At re:publica the Innovation Factory presented digital solutions for pregnancy and delivery care

Innovation Factory members from Cameroon, Germany, Kenya and Tanzania

At the re:publica convention on 9 May 2017 in Berlin, Steven Macharia, a digital health expert from Kenya, stated one of the Innovation Factory’s goals: ‘We promote interoperability between data management systems to help create a situation in which high quality health data is available and can be accessed by all who need it, when they need it’.

A multidisciplinary team of health and IT professionals from four countries - Tanzania, Cameroon, Kenya, and Germany – showcased their digital solutions in the panel session ‘Connecting health – systemic mHealth solutions for better pregnancy and birth giving care’, during the re:publica media convention this May in Berlin. re:publica is one of the largest and most exciting conferences about digital culture in the world. Every year representatives of digital culture come to this forum to share their knowledge and decision-making tools.

The Innovation Factory is a global initiative which the Deutsche Gesellschaft für Internationale Zusammenarbeit (GIZ) GmbH implements on behalf of Germany’s Federal Ministry for Economic Development and Cooperation (BMZ). It provides a collaborative and creative space for health and IT professionals to develop and support digital health solutions that are in line with the four partner countries’ national priorities. The approaches on which the team works build on existing experiences and lessons learned, they are people-centred, and they are owned and truly shared by the Innovation Factory partnership as a whole.

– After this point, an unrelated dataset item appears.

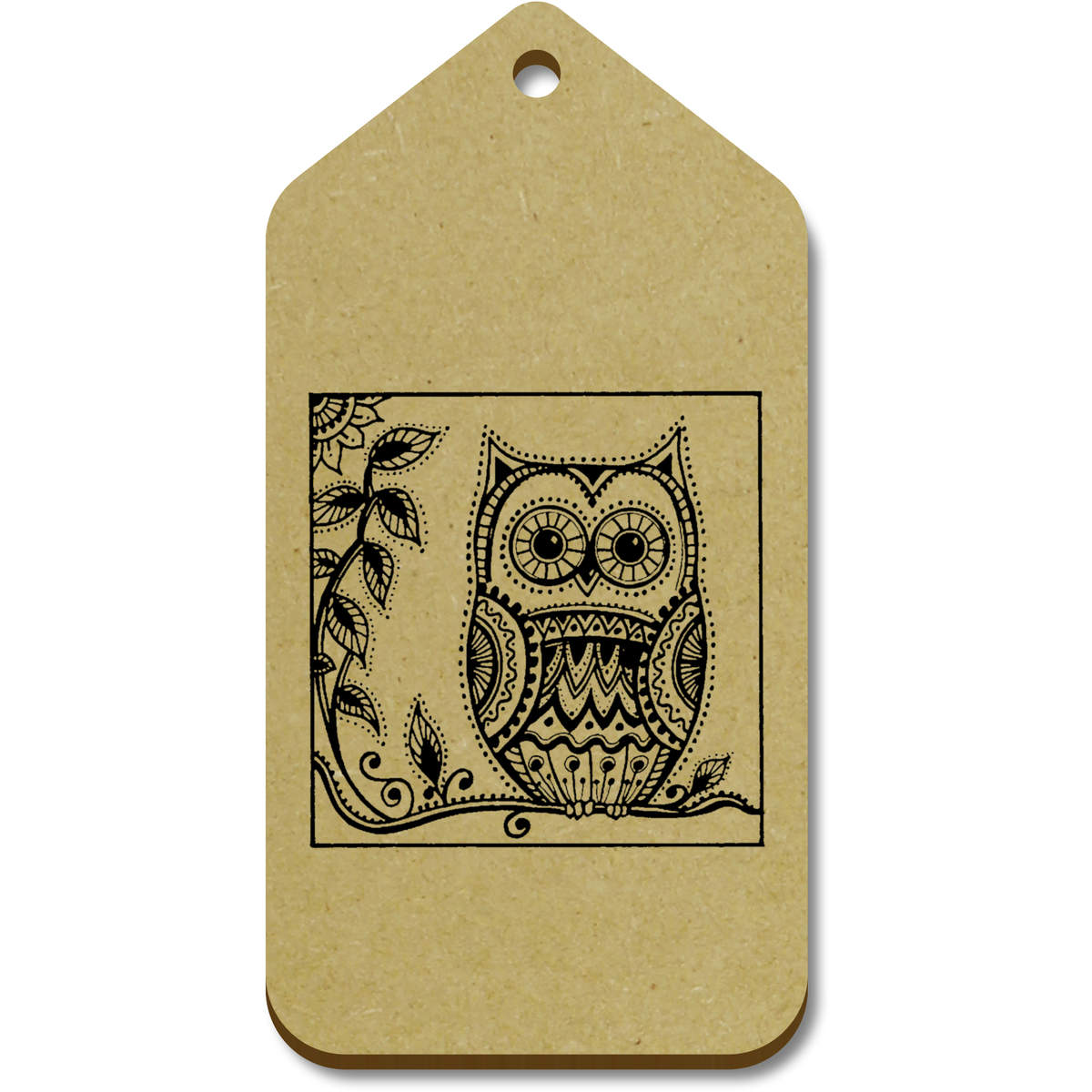 10 x Large 'Owl On Tree Branch' Wooden Gift Tags (TG00057198)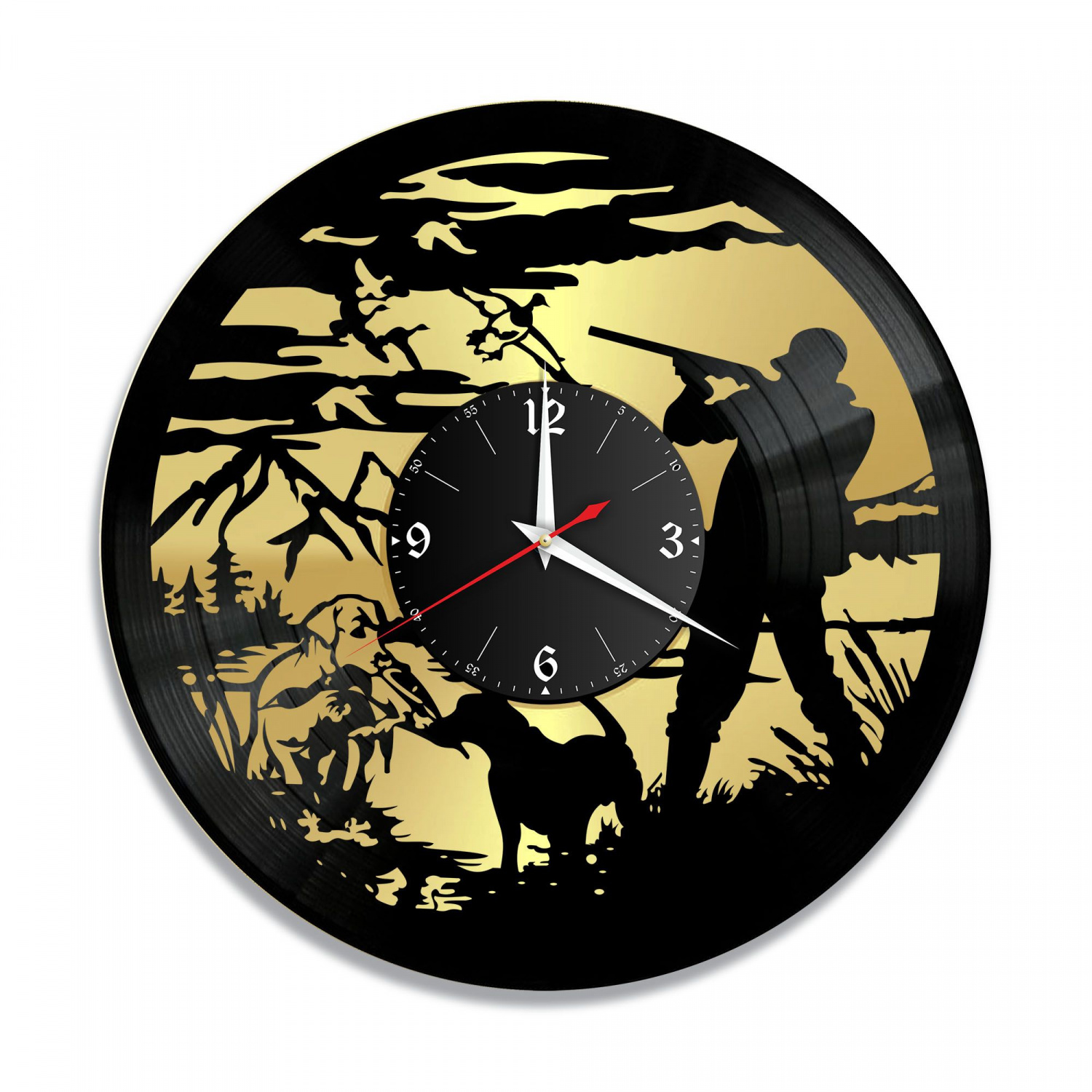 Часы настенные "Охота, золото" из винила, №2 VC-10618-1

The Innovation Factory’s approach: communication, collaboration, coordination and continuity of care

The Innovation Factory’s crucial asset is its cross-country ideation process: The four country units do not work as individual organizations but as a multi-country team in which the different members inspire each other. Steven Macharia, a digital health specialist from Kenya, accurately summarized the advantages of such a collaboration:

‘I see this process in four words: communication, collaboration, coordination and continuity of care. If you look at the fundamental challenges we are all facing across the four countries, you will see that we all need systems that promote continuity of care and that agreed standards must ensure these systems’ interoperability. In our teamwork we are continuously learning from each other and this helps us to use our resources wisely. This is in line with a global trend towards the creation of common goods: instead of re-inventing and re-creating we aim to re-use and improve.’

‘The four countries’ problems are not exactly the same but they are similar enough to allow them to speak with one voice when it comes to the future of digital health. And they need a strong voice to bring their policy makers on board. Today large amounts of existing medical data remain unused because there are too many island solutions and we lack interoperability between different data systems’ - adds Titus Kühne, Director of the Institute of Computer-assisted Medicine at the Charité - Universitätsmedizin Berlin.

Interoperability between systems would permit sharing of health data across and within countries. Solutions reaching rural as well as urban areas could enhance health data density, quality and accessibility. One way forward is aggregating ‘conventional’ health information system data with those derived from mHealth applications through the creation of flexible data management systems. With its work, the Innovation Factory aims to provide such solutions, starting with Kenya, Tanzania and Cameroon. Three of them were presented at re:publica:

Tanzania’s mHealth Platform (NICmHP) for successful mHealth applications

Mwawi Leah Mlekano, Executive Director of ITIDO LTD and Secretary of Tanzania’s mHealth community of practice

Mwawi Leah Mlekano, Executive Director of ITIDO LTD, a catalyst for Innovation, presented the Tanzanian National Integrated Community mHealth Platform (NICmHP). The platform brings together successful digital community mHealth information systems that are currently in operation in Tanzania in order to enhance seamless and efficient service delivery. In the longer run the aim is to integrate the platform’s mHealth data with Tanzania’s digital health information system, which is based on DHIS2.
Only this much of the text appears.